Now I don’t know what it is about Northern Irish politicians but they do seem to be a combatative lot. Cllr O’Dowd then went on to criticise the media for trying to set traps for Sinn Fein. He then gave a rather good piece on how Sinn Féin  had moved and how the peace process in the Province had changed and they were not going back. John Humphries came back with (my paraphrase) – well Sinn Fein took a long time to condemn the original attack and it was all a bit weak. Cllr O’Dowd called this rubbish and I think at this point Mr Humphries lost his cool, coming up with the rather barbed ‘.. I remember what the Provisional IRA was doing.’ Having regained his composure JH tried to bring it back on track with  ’All I am doing is asking you, quite simply to say that this is murder and it is to be totally condemned’ completely forgetting the first answer given by Cllr O’Dowd.
 
Does all this matter?
 
Well yes. Firstly in the Northern Ireland context it matters because it appears that, even after all this time, the BBC and by inference the rest of the UK media, continue to have doubts over the full hearted commitment of Sinn Féin  to the peace process.
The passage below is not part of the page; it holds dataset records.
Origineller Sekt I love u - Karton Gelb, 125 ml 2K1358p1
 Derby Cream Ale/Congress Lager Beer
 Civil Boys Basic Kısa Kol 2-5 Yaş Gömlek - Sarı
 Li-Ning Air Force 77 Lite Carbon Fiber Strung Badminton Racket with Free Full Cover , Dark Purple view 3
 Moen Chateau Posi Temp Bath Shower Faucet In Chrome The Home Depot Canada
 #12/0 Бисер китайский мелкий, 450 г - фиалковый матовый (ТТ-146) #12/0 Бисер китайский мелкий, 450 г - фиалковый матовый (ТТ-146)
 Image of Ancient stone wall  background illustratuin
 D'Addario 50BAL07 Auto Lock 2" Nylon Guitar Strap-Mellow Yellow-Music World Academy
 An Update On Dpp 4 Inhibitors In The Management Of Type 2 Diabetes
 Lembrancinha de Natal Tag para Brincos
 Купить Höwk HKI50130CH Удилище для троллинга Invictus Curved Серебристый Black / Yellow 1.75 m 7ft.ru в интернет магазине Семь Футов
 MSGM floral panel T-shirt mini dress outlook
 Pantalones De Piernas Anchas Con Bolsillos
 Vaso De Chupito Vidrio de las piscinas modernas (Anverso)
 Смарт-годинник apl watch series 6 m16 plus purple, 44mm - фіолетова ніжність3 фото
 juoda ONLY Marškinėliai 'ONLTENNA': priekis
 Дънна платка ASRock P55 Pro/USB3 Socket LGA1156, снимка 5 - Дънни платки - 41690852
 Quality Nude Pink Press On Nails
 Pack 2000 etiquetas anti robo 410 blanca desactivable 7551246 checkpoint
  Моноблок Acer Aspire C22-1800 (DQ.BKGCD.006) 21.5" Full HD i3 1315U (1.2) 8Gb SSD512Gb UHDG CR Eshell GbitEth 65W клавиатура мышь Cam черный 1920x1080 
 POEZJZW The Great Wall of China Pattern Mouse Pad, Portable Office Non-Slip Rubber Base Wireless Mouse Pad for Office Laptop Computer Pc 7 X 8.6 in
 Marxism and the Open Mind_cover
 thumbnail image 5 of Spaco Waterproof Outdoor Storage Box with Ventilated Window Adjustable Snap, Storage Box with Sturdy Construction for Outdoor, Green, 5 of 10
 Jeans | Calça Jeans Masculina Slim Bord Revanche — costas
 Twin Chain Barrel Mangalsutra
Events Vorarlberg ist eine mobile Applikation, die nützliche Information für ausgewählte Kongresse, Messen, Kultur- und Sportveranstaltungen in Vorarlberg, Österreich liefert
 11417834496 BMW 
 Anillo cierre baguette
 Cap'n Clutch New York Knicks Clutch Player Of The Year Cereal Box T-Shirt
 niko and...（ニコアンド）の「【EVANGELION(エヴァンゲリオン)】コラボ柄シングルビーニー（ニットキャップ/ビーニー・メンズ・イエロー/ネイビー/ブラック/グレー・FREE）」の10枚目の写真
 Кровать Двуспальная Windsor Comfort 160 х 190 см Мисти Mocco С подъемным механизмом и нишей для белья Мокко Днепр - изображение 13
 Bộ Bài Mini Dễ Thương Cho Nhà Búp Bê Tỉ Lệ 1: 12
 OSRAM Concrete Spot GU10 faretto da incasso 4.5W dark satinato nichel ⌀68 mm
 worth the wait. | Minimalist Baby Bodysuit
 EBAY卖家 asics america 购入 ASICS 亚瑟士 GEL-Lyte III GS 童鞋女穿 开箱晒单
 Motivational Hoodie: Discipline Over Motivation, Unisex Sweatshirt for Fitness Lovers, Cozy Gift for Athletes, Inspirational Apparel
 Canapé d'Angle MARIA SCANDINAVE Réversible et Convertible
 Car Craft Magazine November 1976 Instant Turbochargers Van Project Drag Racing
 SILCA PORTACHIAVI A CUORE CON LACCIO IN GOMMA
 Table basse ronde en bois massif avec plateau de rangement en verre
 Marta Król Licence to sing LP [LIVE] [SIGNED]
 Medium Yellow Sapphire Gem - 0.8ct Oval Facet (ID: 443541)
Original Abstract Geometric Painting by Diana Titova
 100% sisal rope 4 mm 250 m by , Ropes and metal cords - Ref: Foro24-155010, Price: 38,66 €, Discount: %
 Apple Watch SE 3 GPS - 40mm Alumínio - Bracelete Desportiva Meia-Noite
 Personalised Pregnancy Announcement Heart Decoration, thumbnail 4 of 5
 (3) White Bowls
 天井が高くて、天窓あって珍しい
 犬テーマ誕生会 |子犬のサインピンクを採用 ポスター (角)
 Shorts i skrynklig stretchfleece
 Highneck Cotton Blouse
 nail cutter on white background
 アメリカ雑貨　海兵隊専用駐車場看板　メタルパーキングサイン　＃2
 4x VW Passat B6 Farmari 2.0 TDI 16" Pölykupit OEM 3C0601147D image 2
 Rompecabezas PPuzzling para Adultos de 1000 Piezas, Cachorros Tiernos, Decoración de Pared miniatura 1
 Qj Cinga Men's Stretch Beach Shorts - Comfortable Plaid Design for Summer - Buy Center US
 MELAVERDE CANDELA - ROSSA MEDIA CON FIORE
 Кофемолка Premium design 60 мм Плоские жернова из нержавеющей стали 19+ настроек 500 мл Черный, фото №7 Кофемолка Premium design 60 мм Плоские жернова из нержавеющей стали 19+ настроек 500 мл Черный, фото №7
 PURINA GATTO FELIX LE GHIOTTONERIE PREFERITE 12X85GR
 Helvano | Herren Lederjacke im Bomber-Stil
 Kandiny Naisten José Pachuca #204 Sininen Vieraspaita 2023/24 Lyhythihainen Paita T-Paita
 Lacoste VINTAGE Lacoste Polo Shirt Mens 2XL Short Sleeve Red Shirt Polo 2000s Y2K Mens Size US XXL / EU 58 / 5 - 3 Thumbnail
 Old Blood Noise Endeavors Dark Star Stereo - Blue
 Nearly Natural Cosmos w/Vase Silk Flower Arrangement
By taking these lines they are, I am sure, giving ammunition to those in the movement who are ‘flakey’. If you want an understanding of the delay in the Sinn Fein response suggest you read Alistair Campbell’s blog on the matter.
 
On the wider front, my experience of the media (a couple of conversations with Torbin Lee and Linda Tanner) has shown me that the media are after 2 things; Conflict and Controversy – because they sell. As a local politician the media remains one of the key conduits through which we get our message out to the public. To be successful in that we have to play their game. So we generate conflict and controversy. Which inevitably leads to politics, even at the local level, dominated by conflict. We then wonder why the population of Bristol are fed up with politicians constantly bickering and doing nothing.
 
The answer – that’s a little tougher than the analysis, but answers we have to find otherwise I fear for our democracy.